3 - 2 sample t tests - AB, BC, AC??
(b) Determine the family error rate for the number of t-tests identified in part (a), each conducted at a level of α=0.05. Show your work.
The family error rate, also known as the experiment-wise error rate or the family-wise error rate (FWER), refers to the probability of making at least one Type I error (rejecting a true null hypothesis) in multiple hypothesis testing.
In this case, we need to conduct 3 two-sample t-tests at a significance level of α=0.05. Since each test has an individual significance level of α=0.05, the family error rate can be calculated as:
Family Error Rate = 1 - (1 - α)^(Number of Tests)

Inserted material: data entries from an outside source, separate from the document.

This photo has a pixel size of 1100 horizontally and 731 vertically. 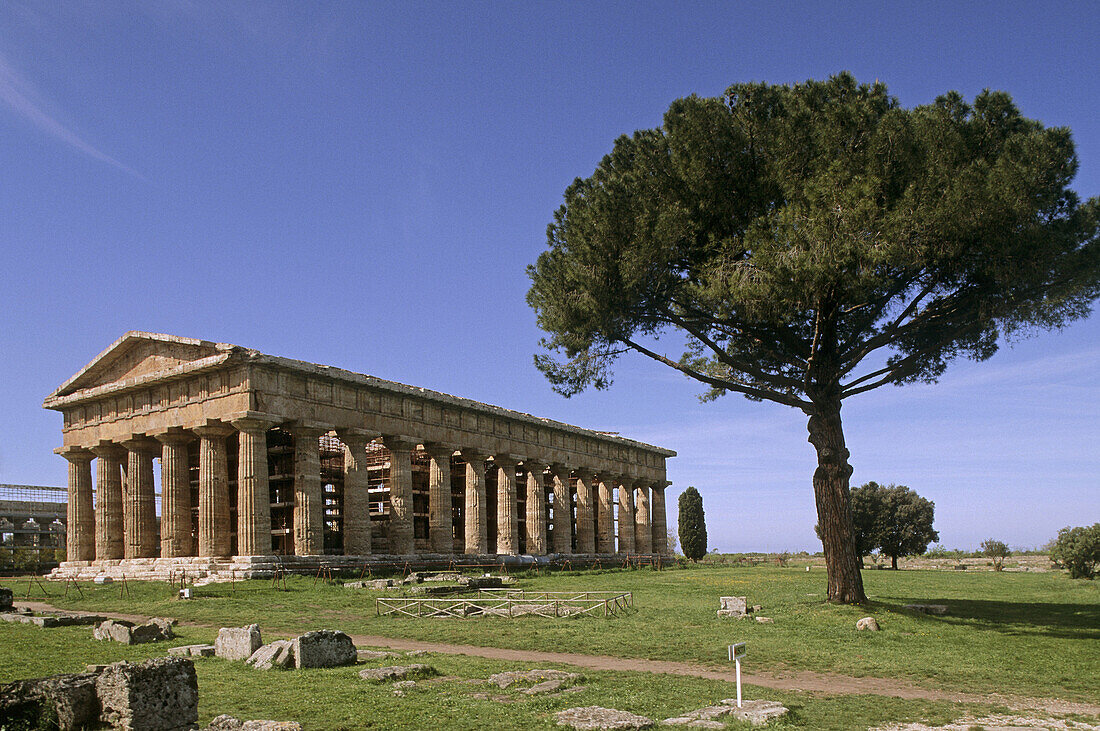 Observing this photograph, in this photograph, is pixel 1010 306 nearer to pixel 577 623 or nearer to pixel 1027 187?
pixel 1027 187

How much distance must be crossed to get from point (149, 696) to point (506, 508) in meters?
41.2

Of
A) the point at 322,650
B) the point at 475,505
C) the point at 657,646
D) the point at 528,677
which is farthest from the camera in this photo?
the point at 475,505

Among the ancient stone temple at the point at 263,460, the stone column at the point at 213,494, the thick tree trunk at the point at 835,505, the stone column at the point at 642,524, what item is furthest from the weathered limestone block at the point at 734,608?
the stone column at the point at 642,524

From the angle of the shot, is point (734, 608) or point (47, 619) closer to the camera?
point (47, 619)

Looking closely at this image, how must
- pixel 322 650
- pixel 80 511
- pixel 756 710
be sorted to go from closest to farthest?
pixel 756 710 < pixel 322 650 < pixel 80 511

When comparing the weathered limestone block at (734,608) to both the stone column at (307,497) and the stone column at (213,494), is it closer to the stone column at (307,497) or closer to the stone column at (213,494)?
the stone column at (307,497)

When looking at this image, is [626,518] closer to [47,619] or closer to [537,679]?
[47,619]

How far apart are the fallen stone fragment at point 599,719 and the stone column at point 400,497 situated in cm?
3225

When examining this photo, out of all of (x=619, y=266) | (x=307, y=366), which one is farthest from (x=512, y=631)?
(x=307, y=366)

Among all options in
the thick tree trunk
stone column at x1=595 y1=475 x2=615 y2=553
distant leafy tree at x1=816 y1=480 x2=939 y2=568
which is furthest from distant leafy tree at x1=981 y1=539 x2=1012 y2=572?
the thick tree trunk

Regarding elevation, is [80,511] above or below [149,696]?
below

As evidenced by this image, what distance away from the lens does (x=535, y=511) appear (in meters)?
53.0

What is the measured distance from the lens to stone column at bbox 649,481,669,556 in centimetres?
6538

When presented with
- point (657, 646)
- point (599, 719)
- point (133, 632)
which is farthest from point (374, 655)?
point (599, 719) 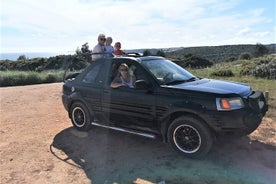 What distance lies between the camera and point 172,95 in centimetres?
551

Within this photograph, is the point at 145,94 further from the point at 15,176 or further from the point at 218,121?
the point at 15,176

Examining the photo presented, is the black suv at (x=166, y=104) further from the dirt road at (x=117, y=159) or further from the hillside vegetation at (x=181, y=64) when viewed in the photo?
the hillside vegetation at (x=181, y=64)

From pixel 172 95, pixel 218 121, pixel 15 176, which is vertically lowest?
pixel 15 176

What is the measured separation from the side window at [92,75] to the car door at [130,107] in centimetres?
46

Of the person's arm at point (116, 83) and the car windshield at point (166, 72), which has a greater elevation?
the car windshield at point (166, 72)

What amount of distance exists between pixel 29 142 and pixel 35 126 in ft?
3.88

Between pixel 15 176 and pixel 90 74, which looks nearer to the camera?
pixel 15 176

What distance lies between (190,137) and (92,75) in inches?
96.3

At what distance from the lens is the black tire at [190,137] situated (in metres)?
5.22

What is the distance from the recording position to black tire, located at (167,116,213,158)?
17.1ft

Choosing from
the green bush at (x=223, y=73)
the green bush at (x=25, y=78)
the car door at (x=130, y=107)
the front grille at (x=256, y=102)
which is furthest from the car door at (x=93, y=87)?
the green bush at (x=25, y=78)

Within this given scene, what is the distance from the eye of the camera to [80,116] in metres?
7.16

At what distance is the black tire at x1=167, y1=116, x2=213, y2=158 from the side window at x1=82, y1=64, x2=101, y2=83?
6.58 feet

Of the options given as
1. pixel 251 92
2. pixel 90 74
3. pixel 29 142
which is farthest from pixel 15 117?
pixel 251 92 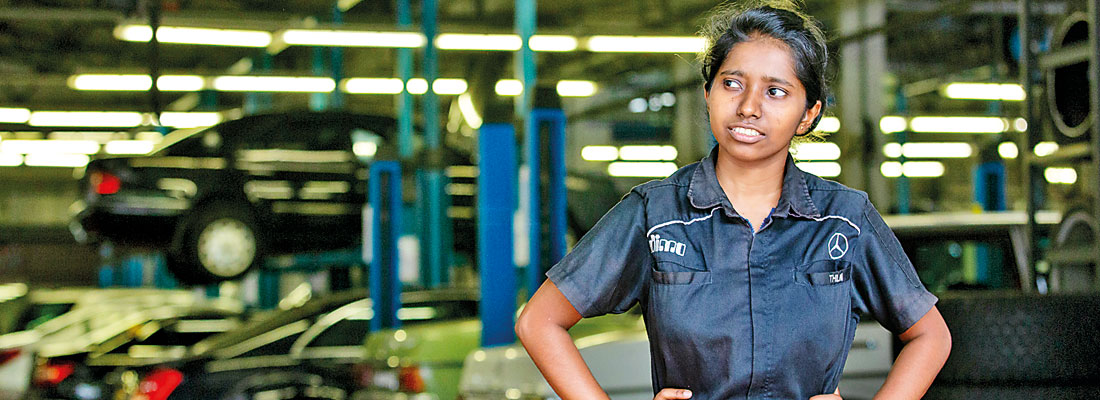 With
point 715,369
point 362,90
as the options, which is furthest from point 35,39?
point 715,369

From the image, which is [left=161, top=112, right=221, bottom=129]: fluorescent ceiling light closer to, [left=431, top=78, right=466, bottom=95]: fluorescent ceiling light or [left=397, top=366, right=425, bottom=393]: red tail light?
[left=431, top=78, right=466, bottom=95]: fluorescent ceiling light

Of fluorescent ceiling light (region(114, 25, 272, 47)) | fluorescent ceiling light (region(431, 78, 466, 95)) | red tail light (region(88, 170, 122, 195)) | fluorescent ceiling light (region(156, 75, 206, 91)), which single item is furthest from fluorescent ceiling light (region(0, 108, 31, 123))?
red tail light (region(88, 170, 122, 195))

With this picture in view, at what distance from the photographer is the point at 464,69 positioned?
61.2 ft

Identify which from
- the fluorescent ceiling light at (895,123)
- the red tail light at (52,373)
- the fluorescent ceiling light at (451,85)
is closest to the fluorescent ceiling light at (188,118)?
the fluorescent ceiling light at (451,85)

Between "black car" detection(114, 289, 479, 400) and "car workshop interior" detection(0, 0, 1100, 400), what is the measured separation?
0.02m

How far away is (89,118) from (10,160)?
772cm

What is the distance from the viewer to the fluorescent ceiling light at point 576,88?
15.6 m

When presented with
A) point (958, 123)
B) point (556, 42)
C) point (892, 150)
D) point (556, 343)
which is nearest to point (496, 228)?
point (556, 343)

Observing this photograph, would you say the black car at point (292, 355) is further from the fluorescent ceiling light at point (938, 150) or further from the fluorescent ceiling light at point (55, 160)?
the fluorescent ceiling light at point (55, 160)

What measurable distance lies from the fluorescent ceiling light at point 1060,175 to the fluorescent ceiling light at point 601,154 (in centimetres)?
1567

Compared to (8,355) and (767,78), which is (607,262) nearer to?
(767,78)

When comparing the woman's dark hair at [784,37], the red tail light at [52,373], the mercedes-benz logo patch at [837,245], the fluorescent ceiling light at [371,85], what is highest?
the fluorescent ceiling light at [371,85]

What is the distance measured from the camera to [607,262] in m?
1.61

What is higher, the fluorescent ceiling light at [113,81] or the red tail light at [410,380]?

Family Error Rate = 1 - (1 - 0.05)^3
Family Error Rate ≈ 1 - 0.95^3
Family Error Rate ≈ 1 - 0.857375
Family Error Rate ≈ 0.1426
Therefore, the family error rate for the 3 t-tests is approximately 0.1426 or 14.26%.
To determine the family error rate for the number of t-tests identified in part (a), each conducted at a level of α=0.05, we need to calculate the overall probability of making a Type I error (rejecting a true null hypothesis) in any of the tests.
Since there are 3 pairs of groups (AB, BC, AC) and we are conducting each test at a significance level of α=0.05, the probability of making a Type I error in any single test is 0.05.
To calculate the family error rate, we need to use a method called the Bonferroni correction. The Bonferroni correction adjusts the significance level for each individual test in order to control for the overall family-wise error rate.
The corrected significance level for each individual test is given by α/(number of tests). In this case, α = 0.05 and the number of tests is 3.
So, the corrected significance level for each individual test is 0.05/3 = 0.0167.
Therefore, the family error rate for the number of t-tests identified in part (a) is 0.0167.